Niamh O’Malley – Glasshouse
at Bluecoat. Saturday 10 October 2015 – Sunday 10 January 2016

Words by Patrick Kirk-Smith. Photographs by Patrick Kirk-Smith and artinliverpool

Glasshouse is the new exhibition at The Bluecoat, setting the tone for the gallery most likely to win our Christmas shopping footfall. These are some fairly large boots to fill, and O’Malley fits them perfectly. The exhibition is exciting, engaging, entertaining, and above all that, it hits some truly meditative notes; this is the perfect exhibition to break up the city centre drudgery of trudging between Primark and M&S this season.

The title provides the first clue to this exhibition’s subject, Glasshouse, but it doesn’t really become clear until you are in the space. Everything is a view (a view into; a view of, or a view through) something, and it is that which allows us to almost meditate in the serene gallery, looking through reframed windows onto the lives of passing foot traffic, guessing at a fleeting story from just snippets. The work is mostly sculptural, allowing us to choose how, and from which angle we perceive it, standing where we choose, in order to observe the world through the work.

It is important here to make the point of observation clear. The artist is interested in the experience of observation as a sense. In the same way we experience sound or taste. Just because the snippets we get are visual does not make the work about spying, or voyeurism – as O’Malley made clear in our Featured Artist interview. Observation is similar to a texture in this exhibition, asking the questions: what are the colours, the shades, the flashes of light? And how do they reflect our experience of day to day life? The glass panels are never completely transparent, but incorporate exaggerated painted textures, or frosting. This distorts the opportunities we are given to ‘spy’, and limits us to the purer experience.
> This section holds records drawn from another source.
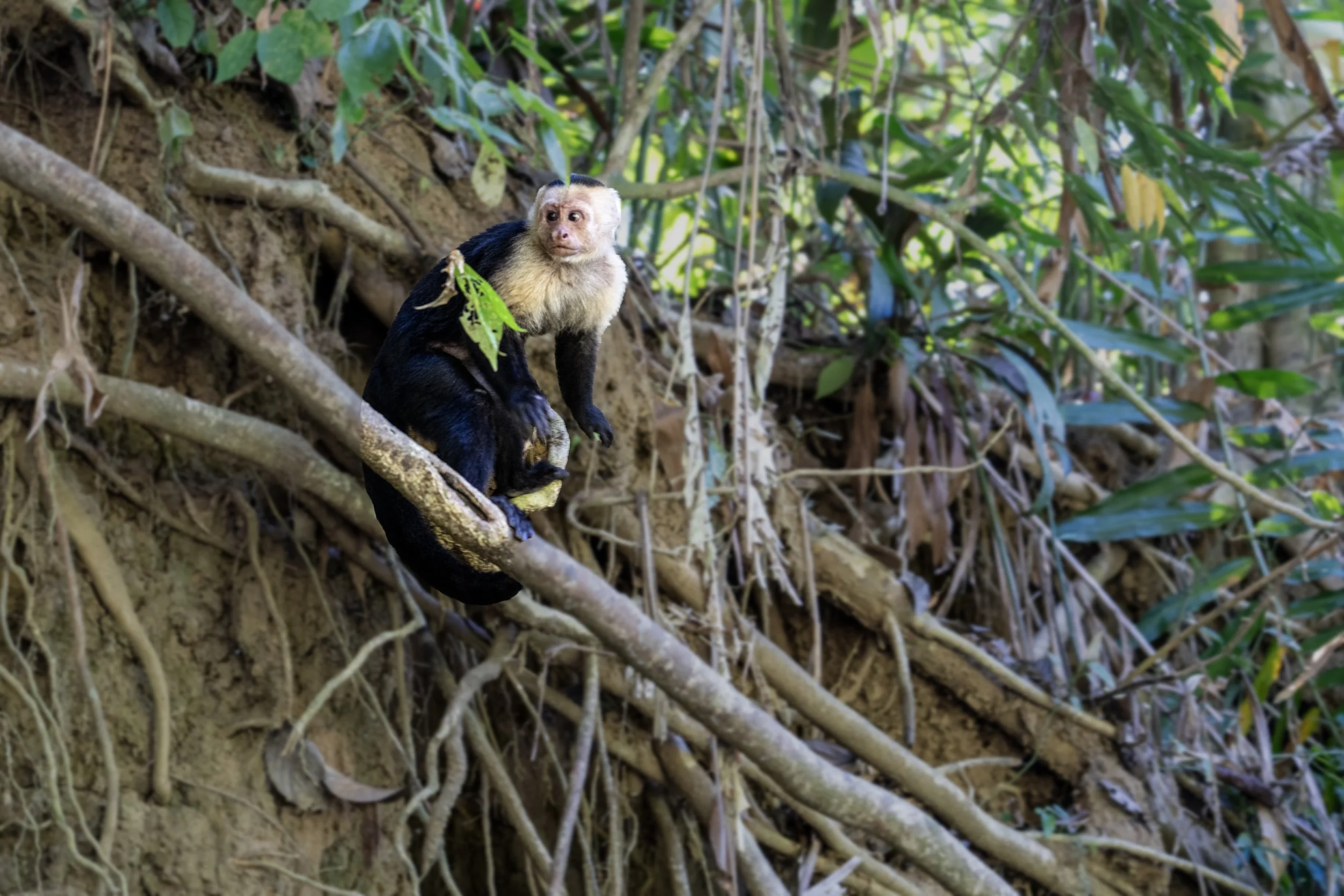 Manuel Antonio wildlife and rainforest experience Costa Rica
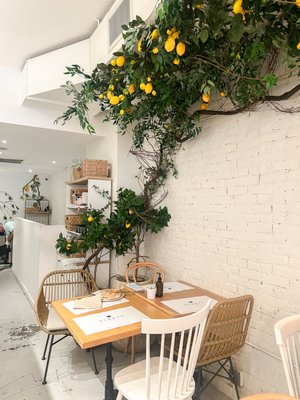 OL'DAYS Farm to Table - NoMad by null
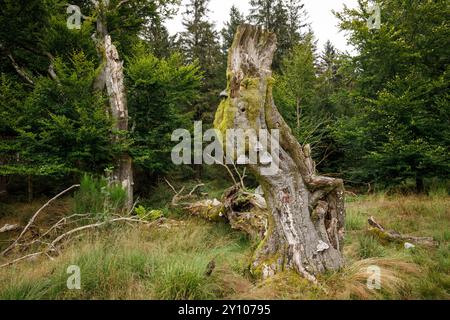I sei faggi (Les Six Hêstres) nella foresta di Lonlou vicino a Hockai nelle alte Fens, Fagne Tîrifaye, Vallonia, Belgio. Gli alberi hanno più di 250 anni Foto Stock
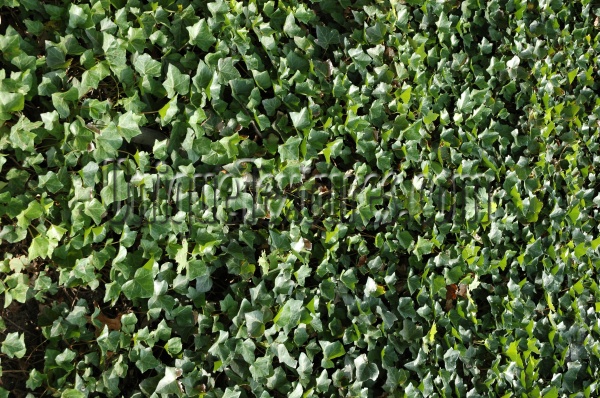 leaves random natural tree/plant green  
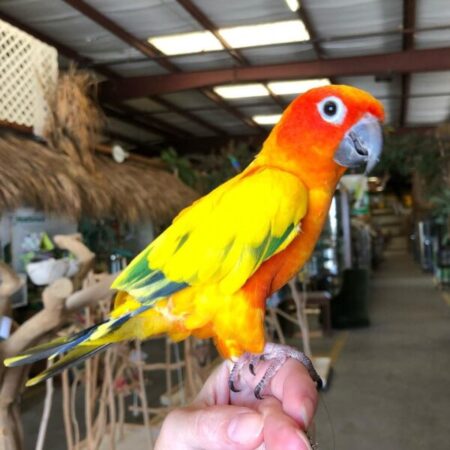 sun conures for sale near me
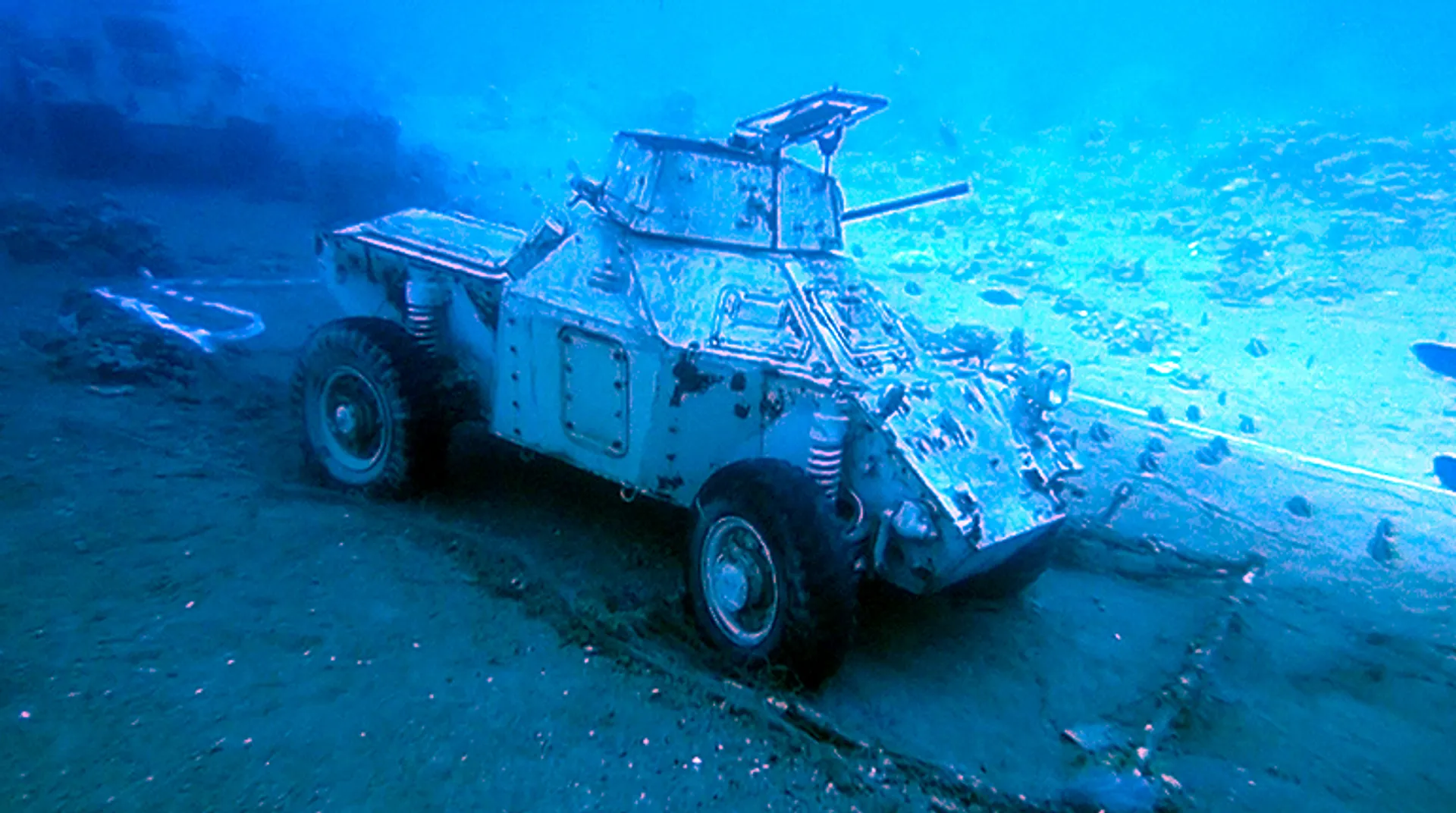 Jordan hopes underwater tanks will draw tourists and fish
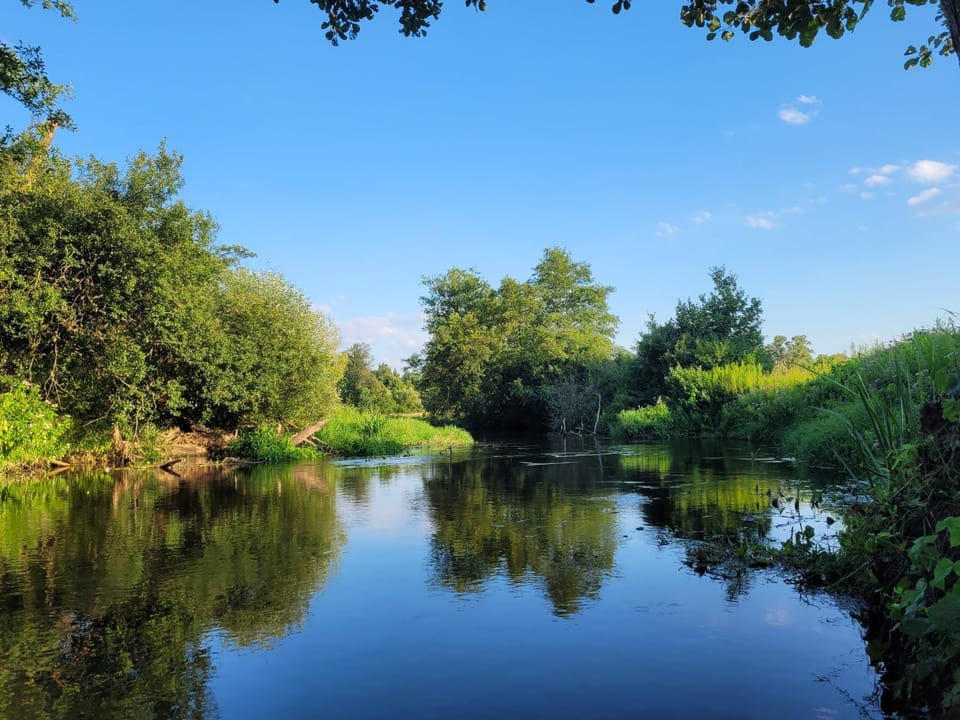 Natural landscape, River view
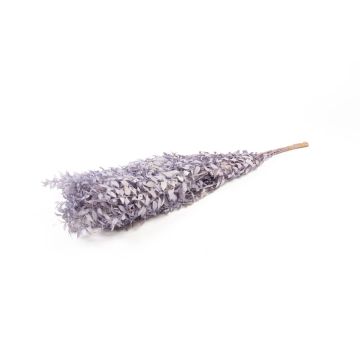 Ramas secas de ruscus AGNIATA, moradas, 70-75 cm, Ø 17 cm Ramas secas de ruscus AGNIATA, moradas, 70-75 cm, Ø 17 cm
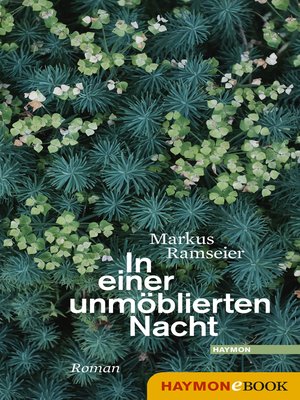 cover image of In einer unmöblierten Nacht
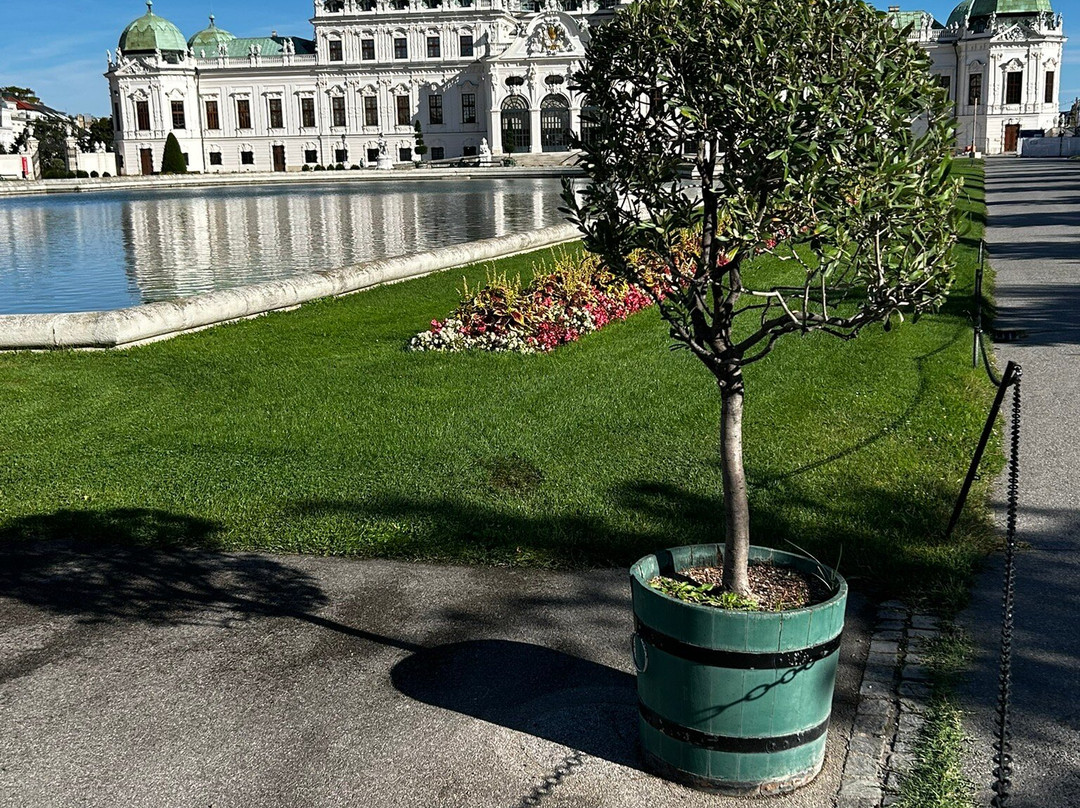Jardines de Belvedere-维也纳必去景点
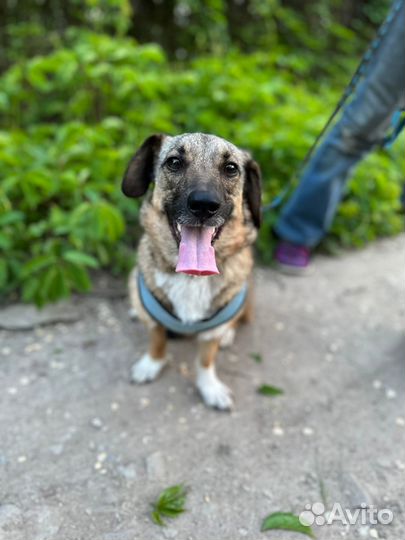 Маленькая собака мальчик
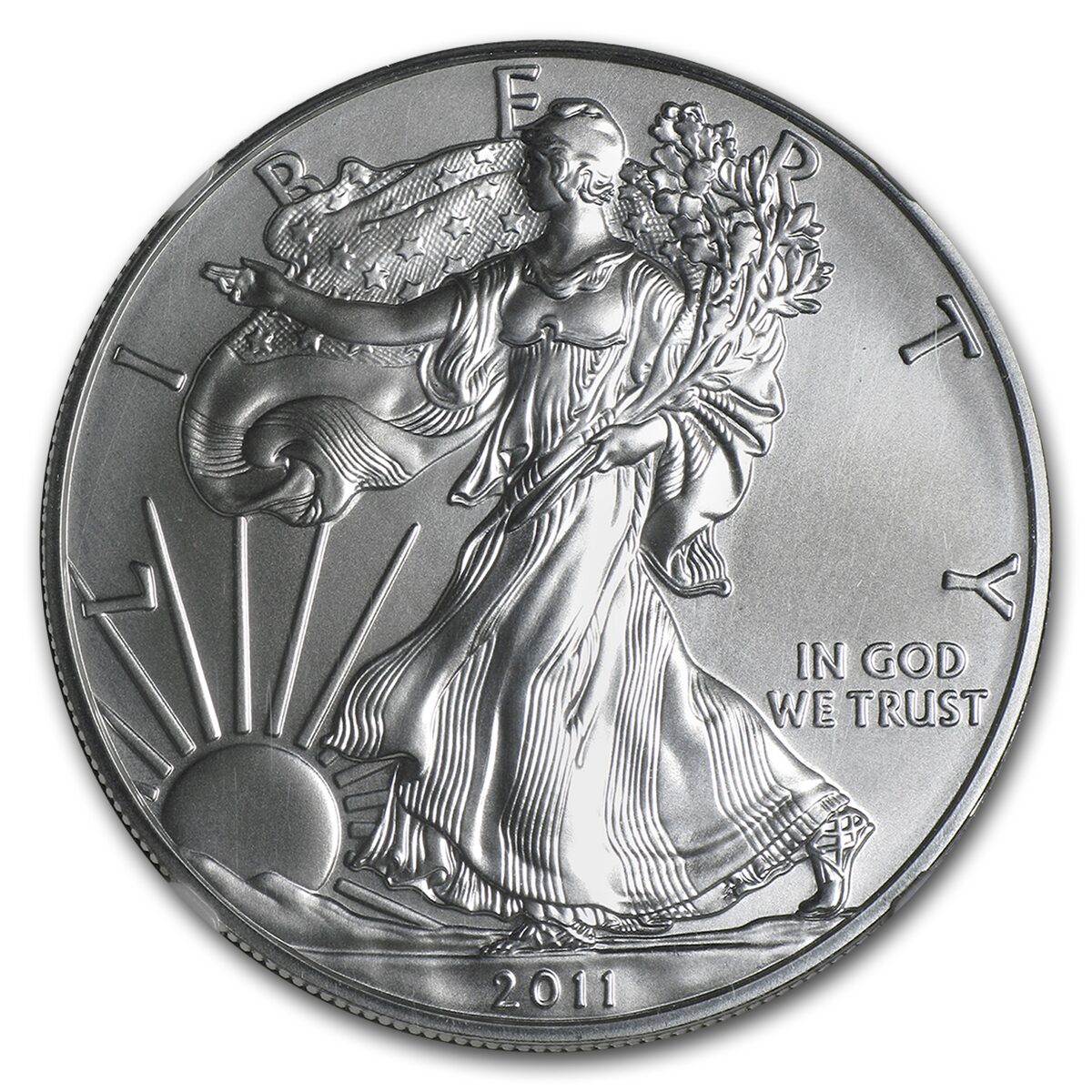 2011-W Burnished Silver Eagle MS-69 NGC (ER, 25th Ann, Blue Lbl)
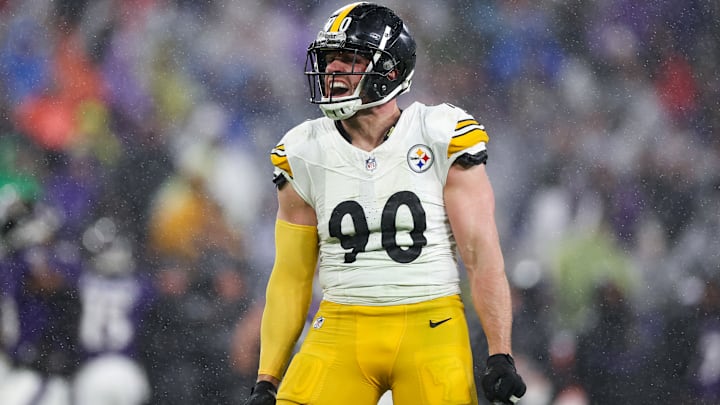 Pittsburgh Steelers v Baltimore Ravens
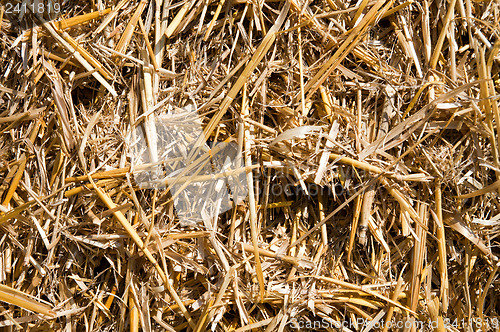 Image of view to straw closeup as background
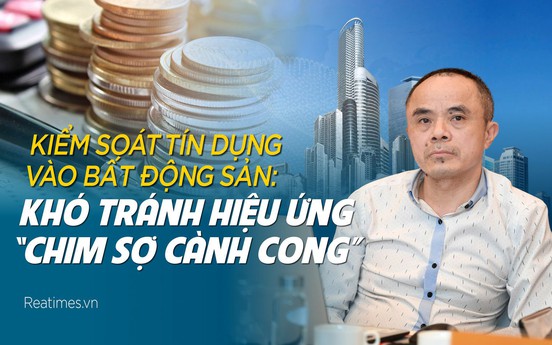 Bài 5: Khó tránh hiệu ứng chim sợ cành cong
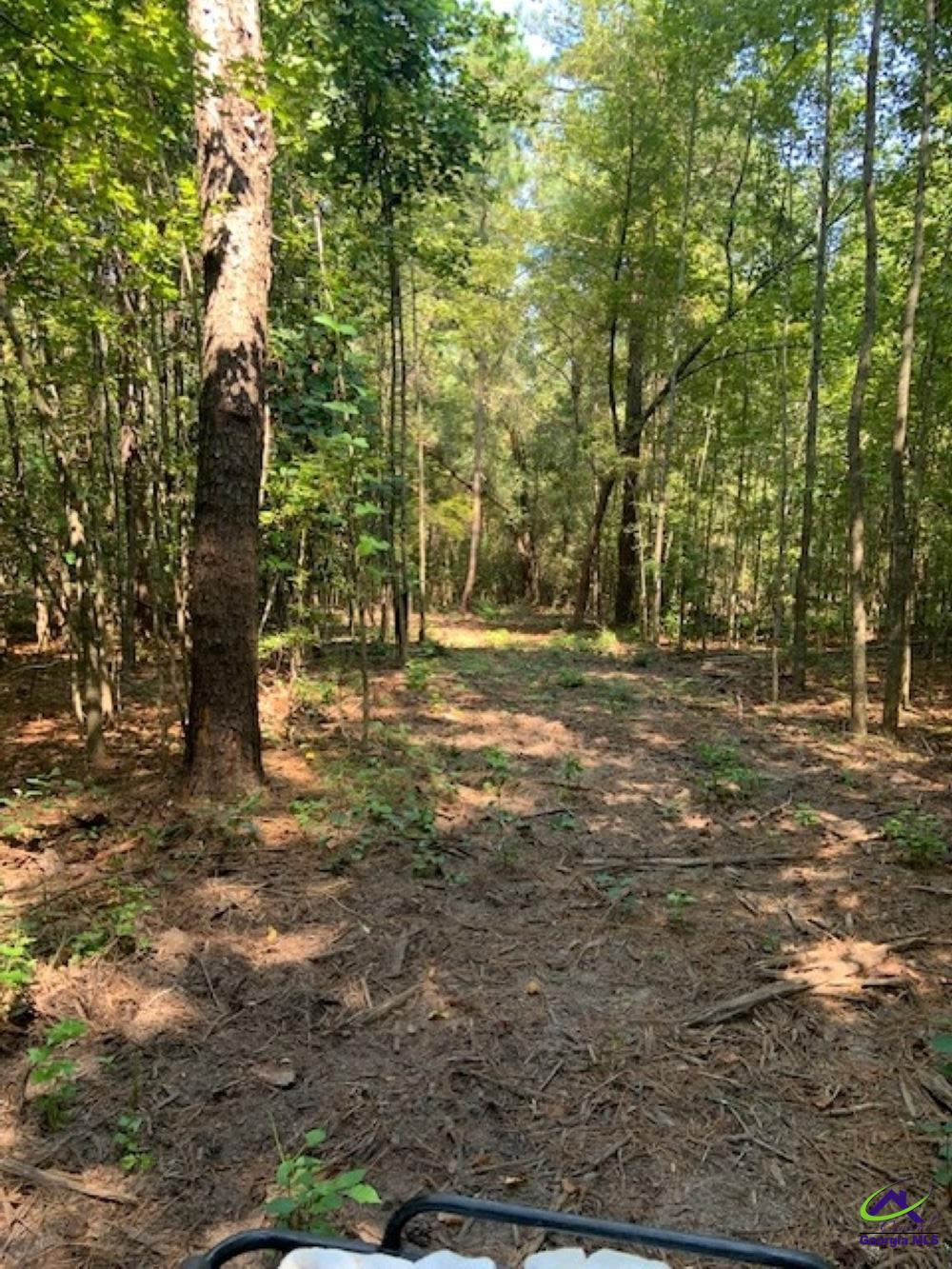 Grovania Road Elko, GA 31025 - Photo 8 of 23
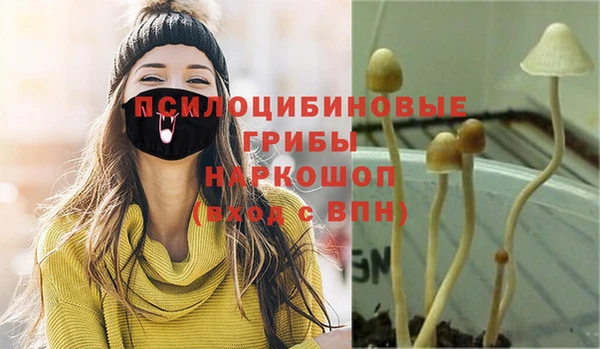 ГАЛЛЮЦИНОГЕННЫЕ ГРИБЫ Пестово
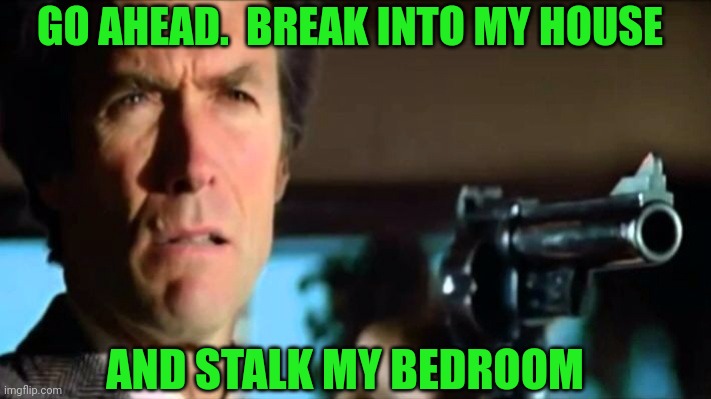 Go ahead make my day | GO AHEAD.  BREAK INTO MY HOUSE AND STALK MY BEDROOM | image tagged in go ahead make my day | made w/ Imgflip meme maker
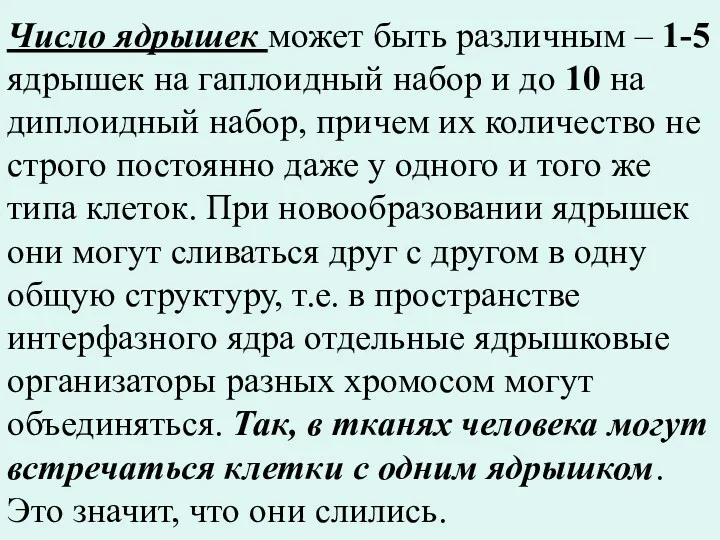 Число ядрышек может быть различным – 1-5 ядрышек на гаплоидный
It is that pure experience we associate so often with meditation, and why I left the exhibition feeling so relaxed. Foremost in this experience of observation was the film installation, in which we recline in a darkened room to watch scenes ebb in and out of focus through panels of frosted glass. This film marked the point at which a sense of relaxation and meditation came about, setting the tone for the whole exhibition, readying us to stand and watch as people pass in and out of rose-tinted-focus. There are several distinct moments in this show where we are finally allowed to focus, through intricately constructed windows, or carefully crafted frames, which highlight the synesthetic experiences we miss in day to day life.

O’Malley’s work is the work of the perfectionist, and works so brilliantly in this space as a powerful solo show. Surprising then that this is her first major public solo exhibition. There is clearly more to come from Niamh O’Malley, and this exhibition is a perfect introduction to how this artist thinks and does.